Wednesday, September 14, 2011
Blowing Prayer Bubbles Up From Under Water
This is me.
Underwater.
Blowing prayer bubbles up to God.
Saying "Help!" and "SOS" and "You've got to get me out of the mess, right?"
I'm in week eleven of pregnancy. Which means it feels like I'm on week nine of perpetual flu sickness. Fatigue. Nausea. Dragging my weak body along after four older kids.
I told my husband yesterday that "I've invented a new game. I drag my sorry body into different positions around the house for variety's sake. This morning, I laid down on the rug in my son's room for an hour. I talked to him about his new Lego creations with my cheek pressed against the floor. Then I went to the girl's room watched Mimi cut up chunks of our newspaper with safety scissors."
I'm reading about St. Elizabeth of the Trinty writing about suffering being a "purging fire that brings us closer to God." I'm not there yet.
Then I had this intense experience in the parent waiting room during my kid's gymnastics practice, where I'm asking God "when am I going to experience real joy?" Because I looked around at the other home-schooling Mothers (Hannah has a special home-school P.E. class) and they all look terrible! Depressed. Anxious. Sickly. Either overweight or overthin. And none of them appears to be pregnant or have young kids in the house. (Because I'm the only idiot who shows up pregnant with three kids to entertain while my oldest plays in a gym class meant for 6-18 year olds. Most Moms appear to have wisely waited until their YOUNGEST was six to enroll in an optional P.E. class).
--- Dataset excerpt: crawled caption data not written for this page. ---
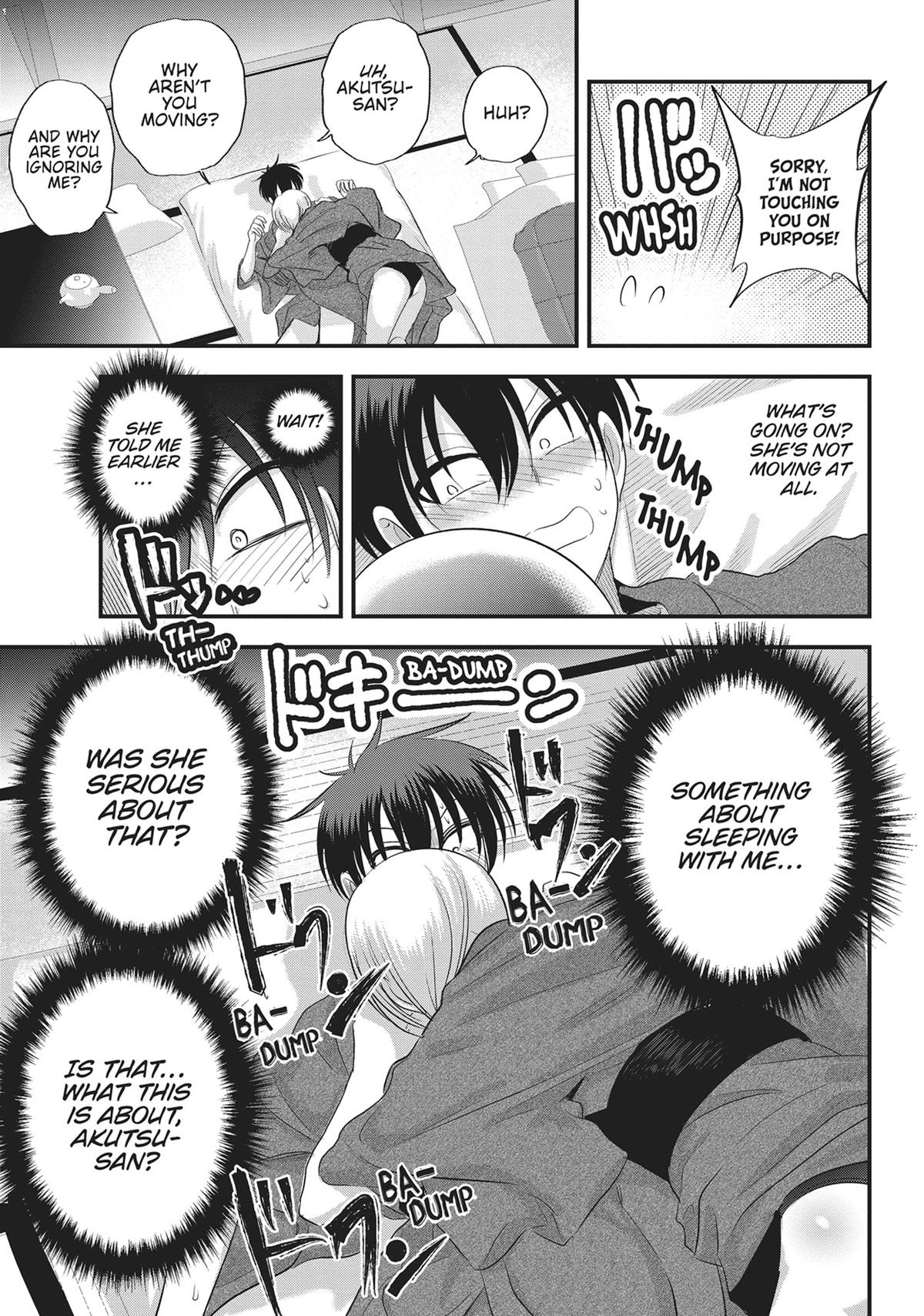 Please Go Home, Miss Akutsu! Chapter 143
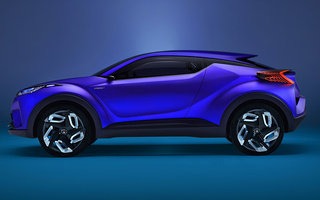 Toyota C-HR Concept (2014) (#14028)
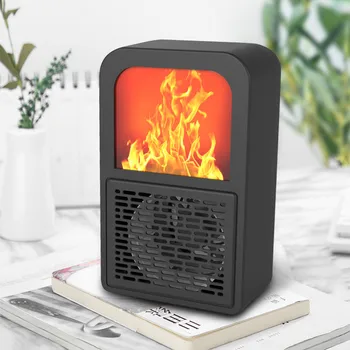 400 w Mini elektrikli ısıtıcı hızlı ısıtma ev elektrikli ısıtıcı 220-240 V sıcak fan ısıtıcı taşınabilir masaüstü kış sıcak hava Blowe ingıltere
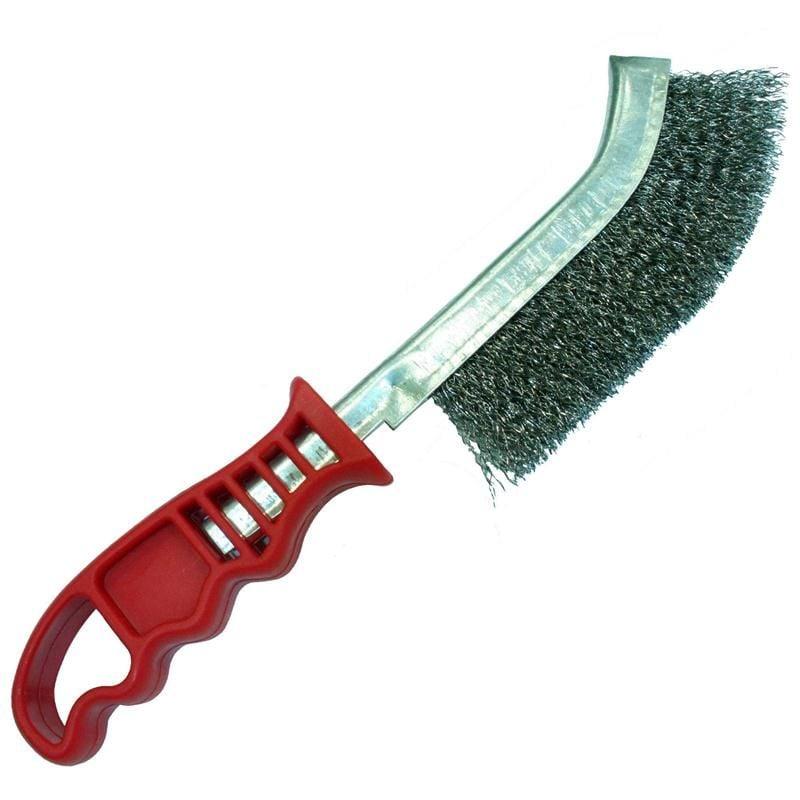 Hawk Gri Telli Plastik Saplı El Tipi Fırça Ø 0.30 mm
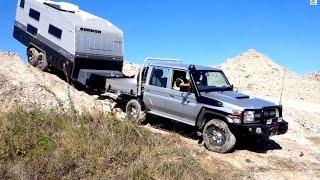 TOYOTA LC70 - KEDRON - OFFROAD TOWING DISPLAY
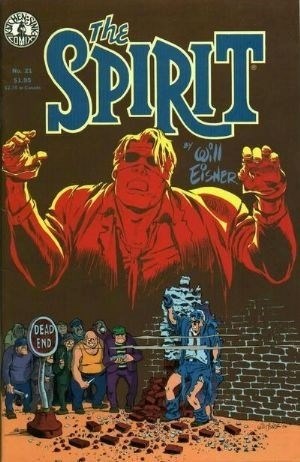 Spirit, the (1983-1992) 21 - Spirit 21, Issue, Eerste druk (1986) (Kitchen Sink Press)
In my green in the gills, awful state, I match the exterior stress of these Mothers completely. I prayed "Please God, I don't want to still look like this when my youngest is six!"
It really shook me up, because I think so much of my sadness, my "lack of joy" comes from simply not sleeping well because I have so many young children in my house. There is always someone who is teething, or someone who has nightmares. But what if all my lack of joy isn't physical? What if its because I'm not yet centered truly on Christ? If so, my kids are going to get older, but I'm still going to be their same sad, tired Mom.
In sharp contrast, the only guy in the room was a work-at-home I.T. father. He looked jolly. He looked together. He spoke cheerfully. One of his jolly, cheerful comments was "Yes, we only have two children. I was afraid to have more!"
At the exact moment that he said this statement, Tess and Mimi were both crying at the same time. I held the hands of two girls while trying not up chuck myself onto the shiny clean floor. Those words hit my ear and I thought "You were right to be afraid. This stuff is kinda hard."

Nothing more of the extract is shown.